Molte donne si dedicano alle cure di bellezza del viso e del corpo con ginnastica e quant’altro per restare in forma postando i selfie sui social per cui vien da dire beate loro che ne hanno voglia così come nel vedere tante conduttrici che urlano dai loro format sprecandosi in energie per strappare un sorriso distogliendo il pensiero dal virus. Un grazie anche a loro comunque  anche se non si capisce perché una che fa questo mestiere leggero si metta a pregare per i defunti, un compito che spetta a chi di dovere come per esempio abbiamo visto col vescovo Sommi quando ha pregato alla Villetta accompagnando la preghiera ad una benedizione.

Qualche lacrimuccia l’abbiamo versata con la benedizione urbi e torbi arrivata come una manna dal 

cielo per l’indulgenza plenaria che ci ha assolto da tutti i nostri peccati. Ci voleva e Papa Francesco si è dimostrato il Padre spirituale del quale abbiamo tutti bisogno. Anche Mattarella ha fatto la sua parte come padre di un Paese che sta dimostrando di essere grande nell’affrontare i problemi a livello sanitario e di economia.


Purtroppo non abbiamo sufficiente credibilità in Europa la quale ci ha negato gli EuroBond voltandoci le spalle, ma non stupisce perché già da tempo agli imprenditori italiani non si faceva credito dovendo pagare subito invece che a tre mesi così come era concesso ad altri Paesi. 
Tutto quello sblaterale contro l’Europa da parte di nostri dirigenti aveva messo la UE in stato di allerta per cui i nodi ora vengono al pettine ma siamo certi che Giuseppe Conte riuscirà a districarsi fra dinieghi economici che sembrano più basati sui conti della serva che da una statista lungimirante, così come sta facendo Angela Merkel,
La quale è stata appunto immortalata mentre faceva la spesa in fila col carrello come una massaia all'assalto del supermarket.
I contrasti nelle comunità ci sono sempre stati ma non va dimenticato che se Atene piange, Sparta non ride.
 Molti si domandano come sarà dopo ma siamo tutti sicuri che non sarà più come prima perché la paura non ci abbandonerà fino alla scoperta del vaccino per cui prima di tornare ad abbracciarci sorridenti e felici passerà ancora del tempo.
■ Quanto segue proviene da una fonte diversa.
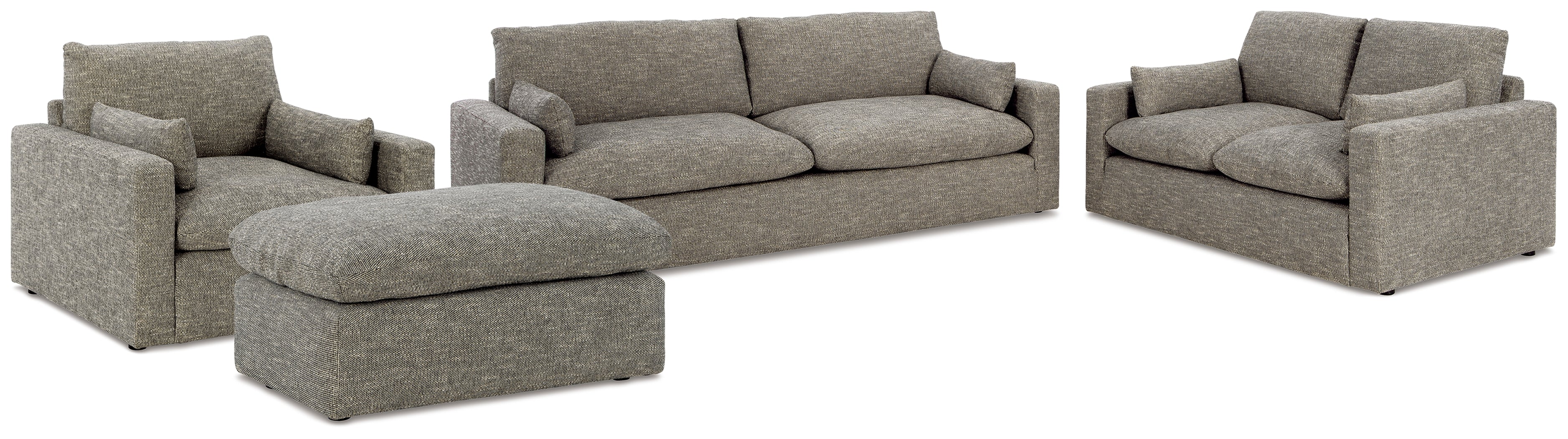Hoover Furniture Outlet - Ashley Furniture - Dramatic Sofa, Loveseat, Oversized Chair and Ottoman - Sofa, Loveseat, Oversized Chair and Ottoman - 11702U3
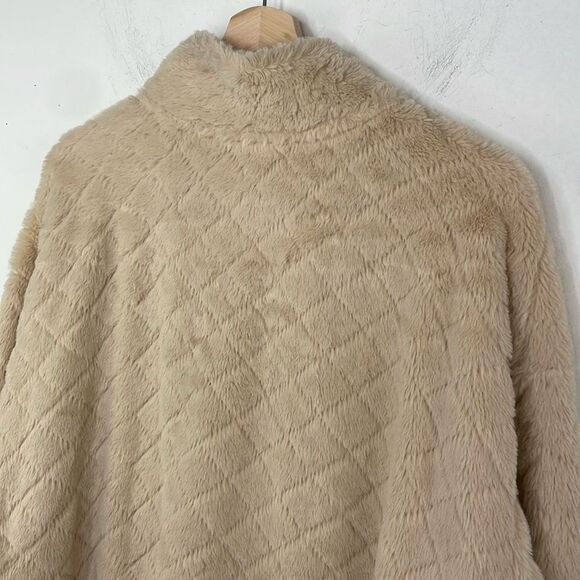 No Boundaries Faux Fur Pullover Sweatshirt Long Sleeve 1/2 zipper XXL - Picture 10 of 13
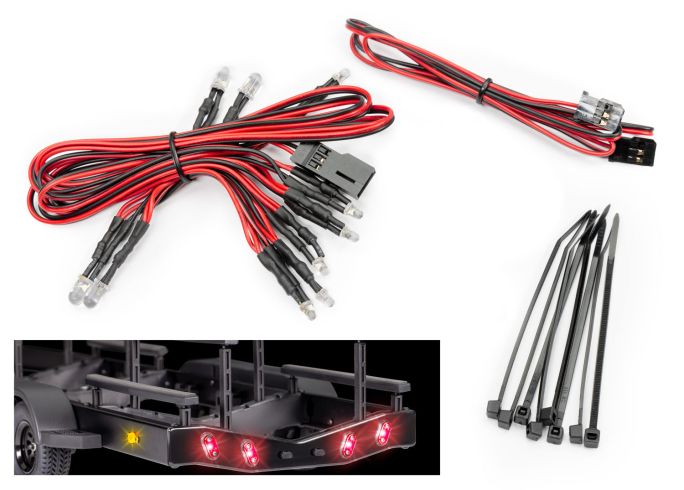 10349X Traxxas boat trailer wire harness, LED lights/ zip ties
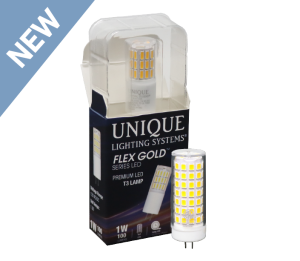 3 WATT T3 Flex Gold LED by Unique Lighting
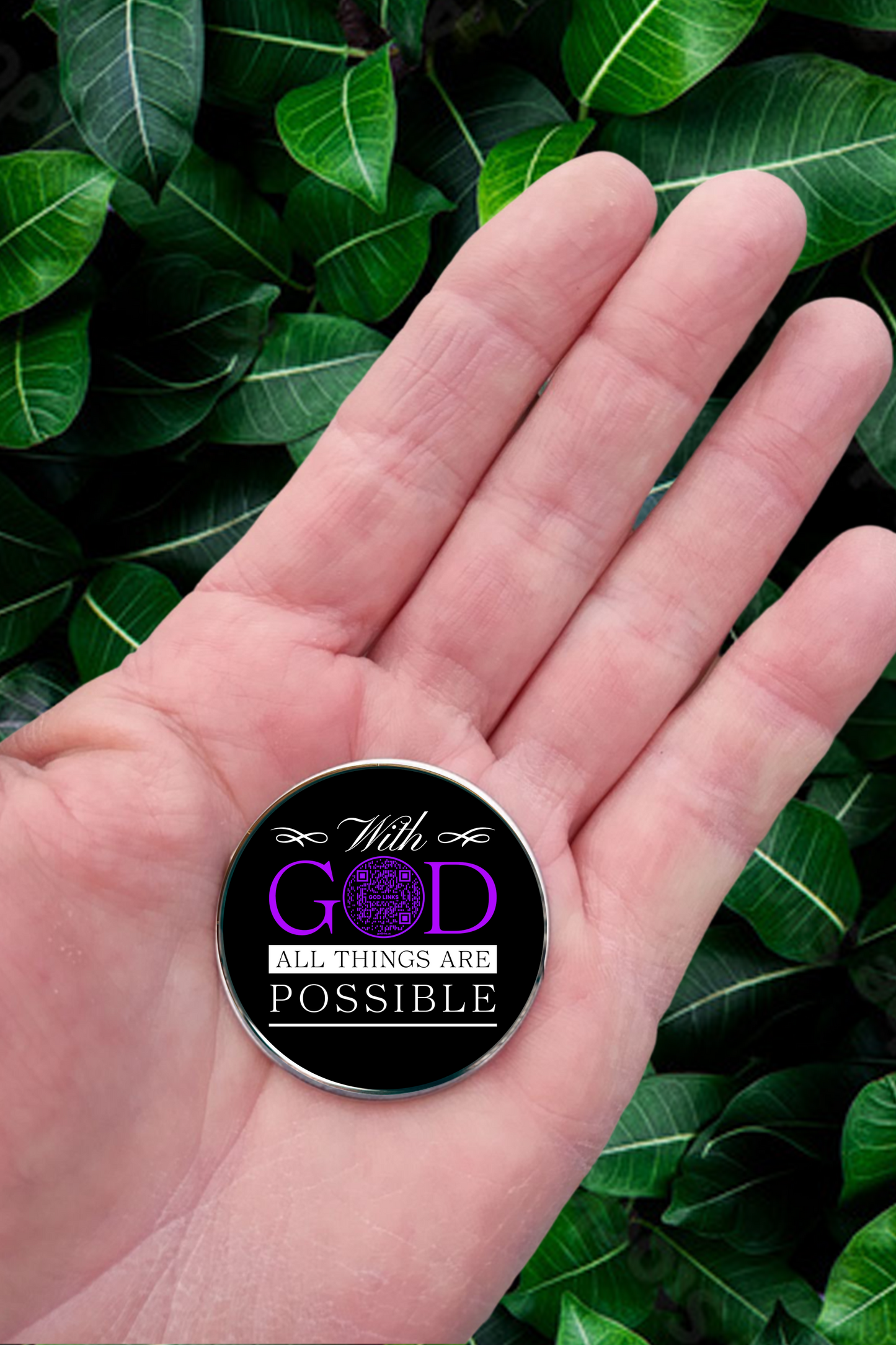 ALL THINGS POSSIBLE-PURPLE-POCKET PEBBLE
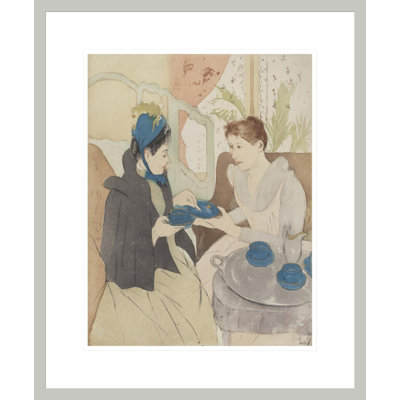 «Af d'après-midi» par Mary Cassatt - Impression sur toile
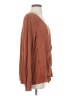 Time After Time Brown Long Sleeve Blouse Size S - photo 4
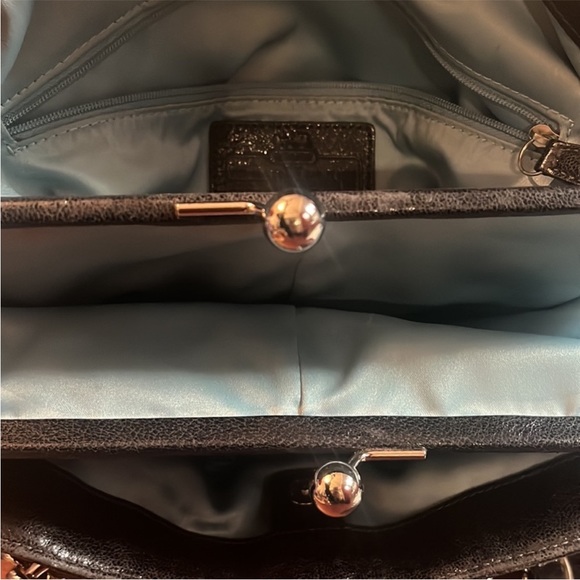 Coach Rare Limited Edition Madison Pleated Kisslock Shoulder Bag - Picture 4 of 12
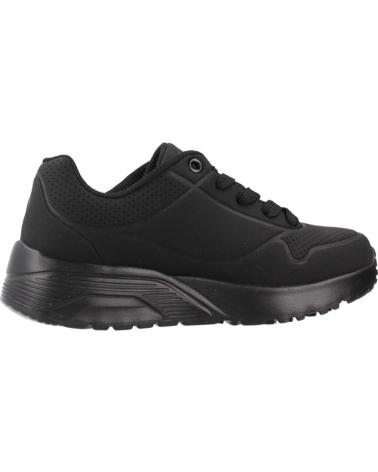 SKECHERS UNO LITE DELODOX BBK BLACK KIDS' SNEAKERS NEGRO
Con questa triste prospettiva dovremo comunque ricominciare ad uscire vivendo sospesi come se la vita la ricordassimo e basta, non potendola più vivere in pieno come “quando stavamo troppo bene”!

mercoledì 1 aprile 2020

INFORMAZIONE E INTRATTENIMENTO




Siamo tutti contenti che l’informazione sia sempre presente sia col cartaceo che con la Tv e una schiera di giornalisti e conduttori che continuano a lavorare per tenerci aggiornati sull’emergenza in tempo reale, sugli approfondimenti e sulle modalità per affrontarla al meglio.
La Tv ha scelto anche l’intrattenimento giustamente per alleggerire la tensione.
Sembra comunque un lontano passato rivedere certe trasmissioni di Bonolis ancora presente con i suoi format come Avanti un Altro o 



Ciao  Darwin per esempio mandate in onda registrate dove si fanno schiamazzi in compagnia facendoci ora seguire quello che magari disprezzavamo per la caciara e che oggi ci fanno capire il tempo che fu nel quale stavamo fin troppo bene. Perché quella era vita anche se di bassa partecipazione mentre domani forse la vita sarà più virtuale che reale, così come stanno già anticipando tante trasmissioni Tv con ospiti collegati in video e pubblico plaudente da casa. L’ultima diretta resta il Grande Fratello VIP perché gli ospiti sono rimasti isolati e fuori dal contagio per cui dispiace che Mediaset interrompa l’unico format nel quale “quelli della Casa” possono ancora abbracciarsi e soprattutto baciarsi fra loro.



Per tutti gli appassionati di cinema teatro e danza restano sempre i computer e gli smart perché si possono rivedere tanti film alcuni anche attuali oppure le Opere Liriche che sono sbarcate On Line su inziativa del Teatro Regio di Parma, così come la danza perché il Bolshoji è sbarcato sul web con le dirette dei classici del balletto.